Bayesian networks

<< Click to Display Table of Contents >>

Navigation:  Decision-theoretic modeling >

Bayesian networks

Bayesian networks (also called belief networks, Bayesian belief networks, Bayes nets, causal probabilistic networks, or causal networks) (Pearl 1988) are acyclic directed graphs in which nodes represent random variables and arcs represent direct probabilistic dependences among them. The structure of a Bayesian network is a graphical, qualitative illustration of the interactions among the set of variables that it models. The structure of the directed graph can mimic the causal structure of the modeled domain, although this is not necessary. When the structure is causal, it gives a useful, modular insight into the interactions among the variables and allows for prediction of effects of external intervention.

The name Bayesian originates from the fact that the joint probability distribution represented by a Bayesian network is subjective (please recall that they are sometimes called belief networks; Bayesian approach is often used as a synonym for subjective view on probability) and this subjective probability distribution can be updated in the light of new evidence using Bayes theorem.

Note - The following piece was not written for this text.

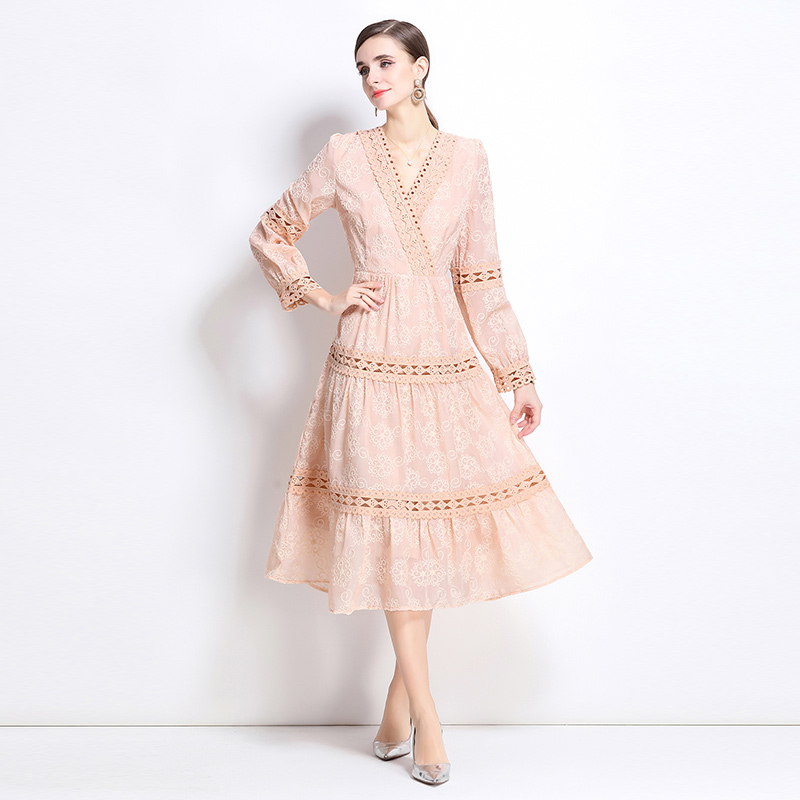 Long hollow dress embroidery lantern sleeve formal dress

The purely theoretical view that the structure of a Bayesian network represents independences and that lack of an arc between any two variables X and Y represents a (possibly conditional) independence between them, is not intuitive and convenient in practice. A popular, slightly informal view of Bayesian networks is that they represent causal graphs in which every arc represents a direct causal influence between the variables that it connects. A directed arc from X to Y captures the knowledge that X is a causal factor for Y. While this view is informal and it is easy to construct mathematically correct counter-examples, it is convenient and widely used by almost everybody applying Bayesian networks in practice. There is a well-established assumption, with no convincing counter-examples, that causal graphs will automatically lead to correct patterns of independences. Lack of arcs between pairs of variables expresses simple facts about absence of causal influences between them. Independences between these pairs of variables follow from the structure of the graph. It is, thus, possible to construct Bayesian networks based purely on our understanding of causal relations between variables in our model.

Both, the structure and the numerical parameters of a Bayesian network, can be elicited from an expert. They can also be learned from data, as the structure of a Bayesian network is simply a representation of independences in the data and the numbers are a representation of the joint probability distributions, which can be inferred from the data. Finally, both the structure and the numerical probabilities can be based on a mixture of expert knowledge, measurements, and objective frequency data.

Structural properties of Bayesian networks, along with their numerical parameters allow for probabilistic reasoning within the model. Probabilistic reasoning within a BN is induced by observing evidence. A node that has been observed is called an evidence node. Observed nodes become instantiated, which means, in the simplest case, that their outcome is known with certainty. The impact of the evidence can be propagated through the network, modifying the probability distribution of other nodes that are probabilistically related to the evidence. For example, the network constructed in section Hello QGeNIe! allows for calculating the probability of high productivity (shown by color) given observations of hot weather and broken climate control device.

productivity_updated2

This calculation amounts at the foundations to a repetitive application of Bayes theorem in order to update the probability distributions of all nodes in the network. Different ways of applying Bayes theorem and different order of updating lead to different algorithms. Essentially, the existing algorithms for reasoning in Bayesian networks can be divided into three groups: message passing, graph reduction, and stochastic simulation. Explicit representation of independences allows for an increased computational tractability of probabilistic reasoning. Probabilistic inference in singly connected BNs is very efficient. Unfortunately, exact algorithms for multiply connected networks are liable to exponential complexity in the number of nodes in the network. Cooper (1990) has shown that the problem is NP-hard in general. Still, efficient software, like SMILE that is embedded into QGeNIe, offers reasonable computing times even in networks consisting of thousands of nodes.

The following network (Project) models various considerations faced by an airplane manufacturer

project

Observed Increased Load, Higher Speed Requirements, and Personnel Shortages lead to light green Negative Profit. A Bayesian network model allows for calculating the most informative future observations and actions. The following graph shows the most informative observations for the model and the situation pictured above.

project_observations

 

Embedding Bayesian networks technology into user programs

Bayesian networks can be embedded into custom programs and web interfaces, helping with calculating the relevance of observations and making decisions. SMILE Engine, our software library embedding Bayesian networks, has been deployed in a variety of environments, including custom programs, web servers, and on-board computers.